The 3D surface quadratic plots of MFV changes in color space are shown in Figures 4(A-B) for men (Figure 4A) and women (Figure 4B), respectively. The male 3D surface quadratic plot (Figure 4A) was ‘funnel shaped’, indicating overall that, wavelength-differencing activity was narrowed at low luminance effect, but broadened with increasing luminance effect. In men, there was an exponential relationship (Figure 5A) between right hemisphere wavelength-differencing and contralateral left hemisphere luminance effect, as demonstrated in the 2D graph (Figure 5B), showing all subjects within the 95% confidence band. The exponential function model in men (Figure 5B) indicated that brain functional integration of luminance effects and wavelength-differencing activities was maintained within a ‘narrow physiologic range’ of MFV of 50 to 85 cm/s in the RMCA and LMCA. On the other hand, in women, the 3D-surface quadratic plot was the mirror-image of that observed in men, showing a closed ‘cone shape’ with a widespread base (Figure 4B). The base of the cone shape suggests that at very low luminance effect on LMCA MFV, frequency-differencing activity occurred over a very wide range. However, with increasing luminance effect, frequency-differencing activity narrowed. In women, there was a logarithmic relationship between ipsilateral left hemisphere frequency-differencing and luminance effect, as demonstrated in the 2D graph of logarithmic function (Figure 5C), showing all subjects but two, within the 95% confidence band. The logarithmic function model in women (Figure 5D) indicates that, brain functional integration of luminance effect and frequency-differencing activities was maintained within a ‘narrow physiologic range’ of MFV of 60 to 106 cm/s in the LMCA, however, somewhat wider than that for men. In both, men (Figure 5C) and women (Figure 5D), respectively, there appears to be a high level of scatter. However, in men (Figure 5C) it is more disperse than in women (Figure 5D), which may suggest as greater sensitivity to luminance in men (see Figure 4A), than in women (see Figure 4B).

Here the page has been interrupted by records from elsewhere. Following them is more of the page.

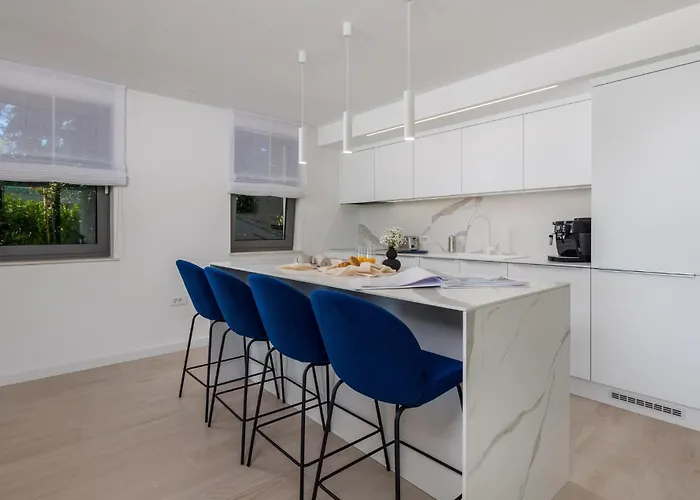 3 Bedroom Front In Krk 크르크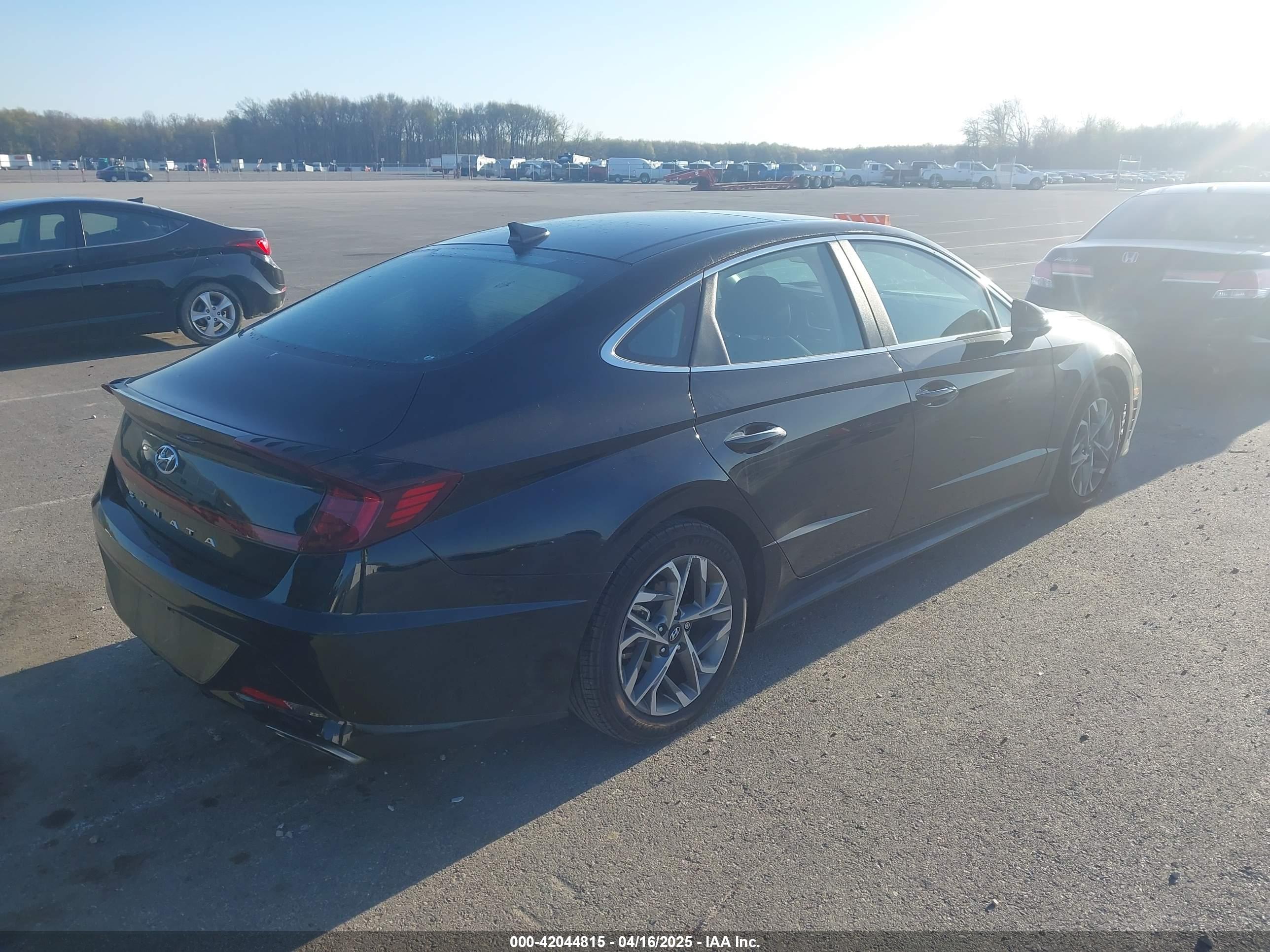 HYUNDAI SONATA image 4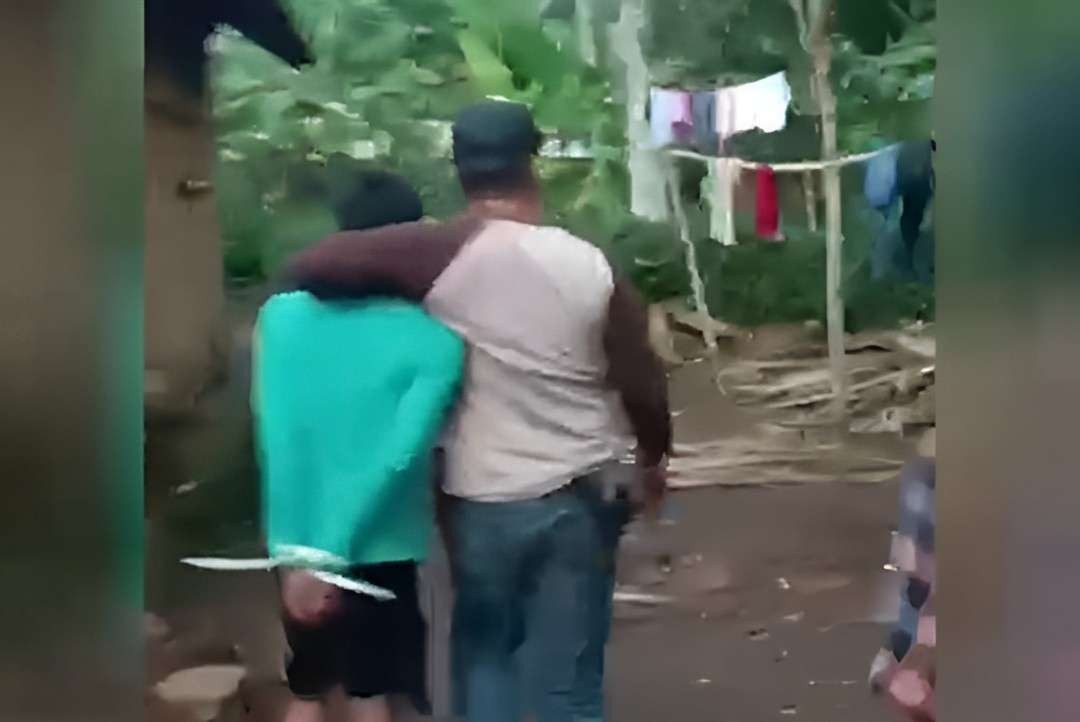 Pemuda pencuri celana dalam wanita saat diamankan (Foto: Tangkap layar video)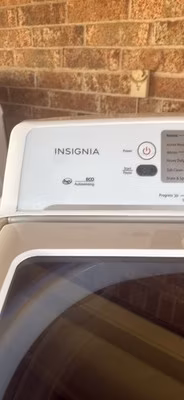 Insignia 4.1 C. Ft. High Efficiency Top Load Washer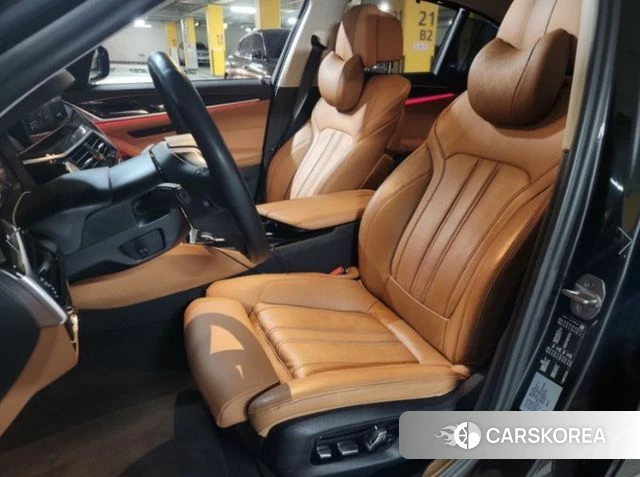 BMW 5 Series (G30) 2023 Серый из Кореи, фото 5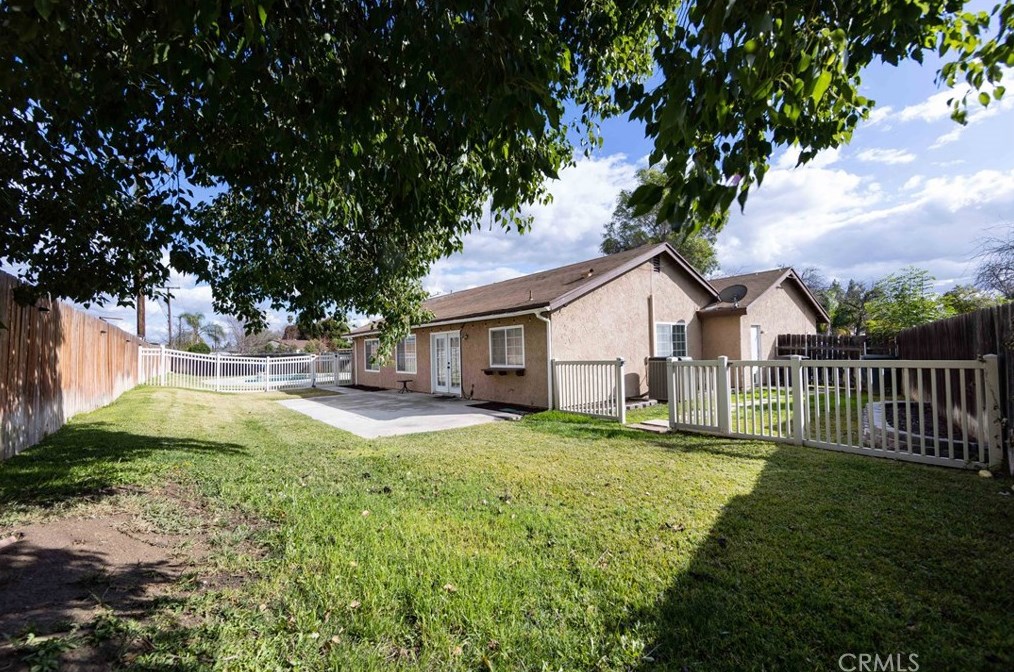6818 Canoga Pl, Riverside CA  92504-2101 exterior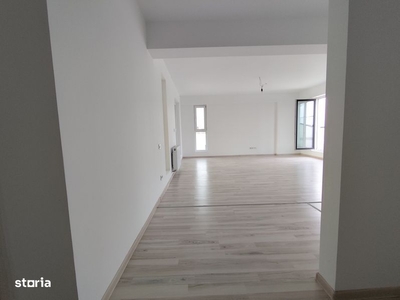 Vand apartament 2 camere, 90 mp + terasa 40 mp, Loc de parcare inclus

3.2. Gender-related asymmetry for color processing by f TCDS
Figures 6 (A-D) demonstrates the conventional spectral density plots for each artery during Dark, Light, Blue and Yellow stimulations in men (Figures 6A-B) and women (Figures 6C-D), respectively.
In general, for all stimulations in both men and women there were three peaks designated as fundamental (F-peak), cortical (C-peak), and subcortical (S-peak), which occurred at regular frequency intervals of the first (0.125 Hz), second (0.25 Hz), and third (0.375 Hz) harmonics, respectively. Given the differential MFV response in men and women, the spectral density estimates for men and women were analyzed separately, to uncover changes at cortical and subcortical peaks. A MANOVA with repeated measures was applied to spectral density estimates in a 2 × 5 × 2 design: two levels of REGIONS (Cortical, Subcortical), five levels of STIMULATIONS (Dark, Light, Blue, Yellow and Red) and two levels of ARTERIES (RMCA and LMCA). In men, there was no main effect of REGIONS, p = NS, but there was a tendency for subcortical peaks to be higher than cortical peaks in men. There was a main effect of STIMULATIONS, F(4,24) = 4.2, MSE = 11586, p < 0.01. There was no main effect of ARTERIES, p = NS. There was a REGIONS × STIMULATIONS interaction, F(4,24) = 4.8, MSE = 31945, p < 0.01. There was no REGIONS × ARTERIES interaction, p = NS. There was a STIMULATIONS × ARTERIES interaction, F(4,24) = 4.7, MSE = 7397, p < 0.01. There was a three-way interaction, REGIONS × STIMULATIONS × ARTERIES, F (4,24) = 4.76, MSE = 25392, p < 0.01. An analysis of covariance (ANCOVA) with repeated measures was applied to demonstrate that the difference found during color stimulation persists even when the difference due to baseline condition was partialled out. In men, there was significant increase in MFV produced by luminance, hence WAVELENGTH-encoding activity could only be adjudged after partialling out the changes under Dark and Light conditions as changing covariates. Conversely, in women, there was no change in MFV associated with luminance, and hence only baseline Dark condition was used as a covariate.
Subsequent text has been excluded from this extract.